# From Memory Tool to Governed Mind Model
> This article explains the design decisions and implemented surfaces behind
> mempal's mind-model work from the initial dao/shu/qi discussion through the
> completed P54-P59 Phase-3 runtime baseline.
## 1. The Problem: Memory Is Not Just Recall
Most agent memory systems start from a simple premise: if the agent has seen
something before, store it, retrieve it later, and put it back into context.
That premise is useful, but it is not enough for a long-running coding agent.
A coding agent does not merely need old text. It needs to know which old text is
evidence, which part is a stable conclusion, which part is a workflow, which
part is a tool-specific command, and which part has already been contradicted.

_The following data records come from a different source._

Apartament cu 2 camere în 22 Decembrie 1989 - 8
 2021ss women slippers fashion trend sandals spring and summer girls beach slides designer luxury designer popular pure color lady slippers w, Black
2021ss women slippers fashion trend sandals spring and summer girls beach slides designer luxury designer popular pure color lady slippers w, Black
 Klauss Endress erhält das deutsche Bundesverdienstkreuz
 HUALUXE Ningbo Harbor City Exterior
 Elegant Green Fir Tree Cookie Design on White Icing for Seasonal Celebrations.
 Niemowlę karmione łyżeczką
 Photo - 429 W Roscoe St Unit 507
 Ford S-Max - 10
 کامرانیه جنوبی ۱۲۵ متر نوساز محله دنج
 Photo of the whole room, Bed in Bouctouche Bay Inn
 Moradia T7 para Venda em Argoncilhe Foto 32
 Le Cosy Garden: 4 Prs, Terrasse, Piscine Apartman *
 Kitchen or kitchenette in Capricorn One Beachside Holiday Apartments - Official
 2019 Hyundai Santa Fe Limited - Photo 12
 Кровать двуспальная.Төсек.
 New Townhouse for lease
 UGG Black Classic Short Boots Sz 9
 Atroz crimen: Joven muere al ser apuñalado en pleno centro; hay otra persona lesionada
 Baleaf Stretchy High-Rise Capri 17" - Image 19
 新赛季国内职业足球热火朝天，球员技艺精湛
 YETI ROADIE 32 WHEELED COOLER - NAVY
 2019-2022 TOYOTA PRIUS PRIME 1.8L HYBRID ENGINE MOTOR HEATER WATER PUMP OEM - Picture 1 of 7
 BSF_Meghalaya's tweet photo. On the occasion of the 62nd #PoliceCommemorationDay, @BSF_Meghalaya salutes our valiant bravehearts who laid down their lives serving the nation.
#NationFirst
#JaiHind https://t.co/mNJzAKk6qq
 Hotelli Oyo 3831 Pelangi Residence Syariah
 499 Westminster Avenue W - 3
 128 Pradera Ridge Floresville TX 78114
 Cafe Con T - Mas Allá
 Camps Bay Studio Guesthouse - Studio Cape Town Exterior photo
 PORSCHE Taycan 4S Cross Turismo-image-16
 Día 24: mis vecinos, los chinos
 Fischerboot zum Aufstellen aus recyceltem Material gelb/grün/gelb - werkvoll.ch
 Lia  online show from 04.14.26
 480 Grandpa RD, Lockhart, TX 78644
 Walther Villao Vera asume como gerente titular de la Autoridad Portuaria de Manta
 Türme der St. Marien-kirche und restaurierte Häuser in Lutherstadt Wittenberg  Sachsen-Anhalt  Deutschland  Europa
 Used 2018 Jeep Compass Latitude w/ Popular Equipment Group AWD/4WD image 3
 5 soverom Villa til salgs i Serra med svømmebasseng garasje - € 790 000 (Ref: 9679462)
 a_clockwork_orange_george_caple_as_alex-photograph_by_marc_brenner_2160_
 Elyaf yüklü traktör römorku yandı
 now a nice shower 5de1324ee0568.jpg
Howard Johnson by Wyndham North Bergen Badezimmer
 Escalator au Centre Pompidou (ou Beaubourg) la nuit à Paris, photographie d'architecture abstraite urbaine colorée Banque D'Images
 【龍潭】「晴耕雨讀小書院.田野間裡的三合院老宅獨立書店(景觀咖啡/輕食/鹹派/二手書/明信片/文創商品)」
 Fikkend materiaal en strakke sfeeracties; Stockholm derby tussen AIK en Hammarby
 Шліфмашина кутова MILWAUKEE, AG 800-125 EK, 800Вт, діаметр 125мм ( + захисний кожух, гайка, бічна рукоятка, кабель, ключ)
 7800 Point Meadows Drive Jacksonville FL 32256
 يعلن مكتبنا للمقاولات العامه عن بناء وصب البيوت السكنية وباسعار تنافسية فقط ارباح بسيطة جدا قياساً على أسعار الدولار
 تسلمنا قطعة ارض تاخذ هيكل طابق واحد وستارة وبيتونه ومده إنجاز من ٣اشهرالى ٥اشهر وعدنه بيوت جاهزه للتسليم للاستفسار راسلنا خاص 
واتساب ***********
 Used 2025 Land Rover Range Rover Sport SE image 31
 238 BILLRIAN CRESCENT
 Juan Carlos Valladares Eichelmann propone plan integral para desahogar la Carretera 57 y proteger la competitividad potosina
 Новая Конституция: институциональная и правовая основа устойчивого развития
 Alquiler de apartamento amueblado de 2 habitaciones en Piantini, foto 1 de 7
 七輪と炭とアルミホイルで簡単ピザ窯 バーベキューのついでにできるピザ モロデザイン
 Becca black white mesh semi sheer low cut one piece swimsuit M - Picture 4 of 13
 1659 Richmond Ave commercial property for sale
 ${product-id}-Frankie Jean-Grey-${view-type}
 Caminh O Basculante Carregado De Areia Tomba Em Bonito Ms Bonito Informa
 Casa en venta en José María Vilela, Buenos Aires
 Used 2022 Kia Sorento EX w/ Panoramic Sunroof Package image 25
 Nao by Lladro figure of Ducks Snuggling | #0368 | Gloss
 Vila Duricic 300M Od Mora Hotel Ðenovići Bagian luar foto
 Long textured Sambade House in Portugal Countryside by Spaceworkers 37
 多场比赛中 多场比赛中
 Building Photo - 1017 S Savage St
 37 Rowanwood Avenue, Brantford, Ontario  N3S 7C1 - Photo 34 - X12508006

If all memories are stored as the same kind of item, the system eventually loses
the difference between observation and law.
The mind-model work in mempal starts from that failure mode.
The thesis is:
> Memory should be a governed knowledge evolution layer. Raw evidence is
> recorded first, candidate knowledge is distilled second, and trusted runtime
> guidance is promoted only through explicit gates.
That is why this work is not "RAG plus skills." RAG retrieves old material.
Skills encode procedures. The mind model tries to govern how evidence becomes
knowledge, how knowledge affects skills, and how runtime behavior feeds back
into future evolution.
The current implementation has reached a concrete baseline:
- Stage 1 typed drawers separate evidence from knowledge.
- Runtime context assembles `dao_tian -> dao_ren -> shu -> qi`.
- Knowledge lifecycle supports distill, gate, promote, demote, and outward
anchor publication.
- Phase 2 knowledge cards separate governed beliefs from raw evidence drawers.
- Card retrieval and card-aware context exist, but remain opt-in.
- Phase 3 runtime adoption evidence now exists as schema v9 and CLI gates.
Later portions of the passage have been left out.